## TASK DETAILS
Your task is to write out every line of the data exactly. Drop the pictures.

## DATASET EXCERPT
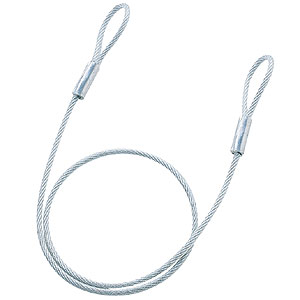 SLE-4W-1 / eセキュリティ(ワイヤー、長さ1.0m・直径6.0mm)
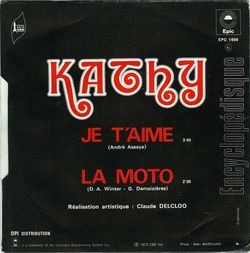 [Pochette de Je t’aime (KATHY) - verso]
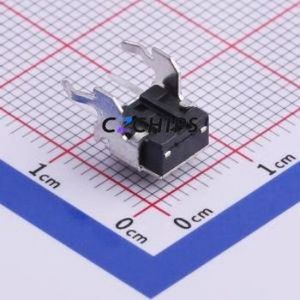 TS-1093A-A3B3-D2 Tactile Switch Through hole,6x6mm Switch Single Pole Single Throw Round Button Right Angle Insert 6mm - Product Image 2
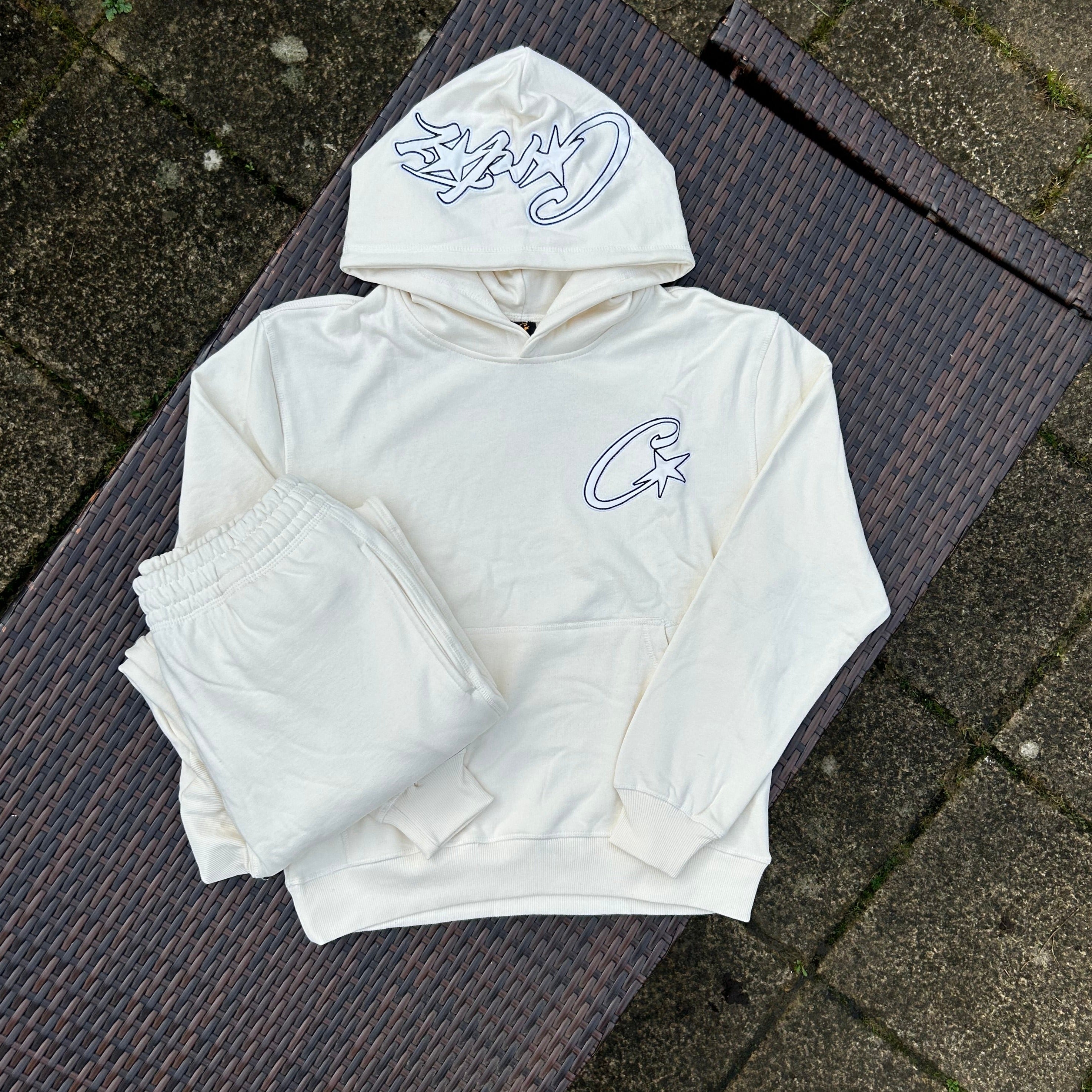 Corteiz Cream "C Star" Tracksuit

## EXERCISE RESULT
 SLE-4W-1 / eセキュリティ(ワイヤー、長さ1.0m・直径6.0mm)
 [Pochette de Je t’aime (KATHY) - verso]
 TS-1093A-A3B3-D2 Tactile Switch Through hole,6x6mm Switch Single Pole Single Throw Round Button Right Angle Insert 6mm - Product Image 2
 Corteiz Cream "C Star" Tracksuit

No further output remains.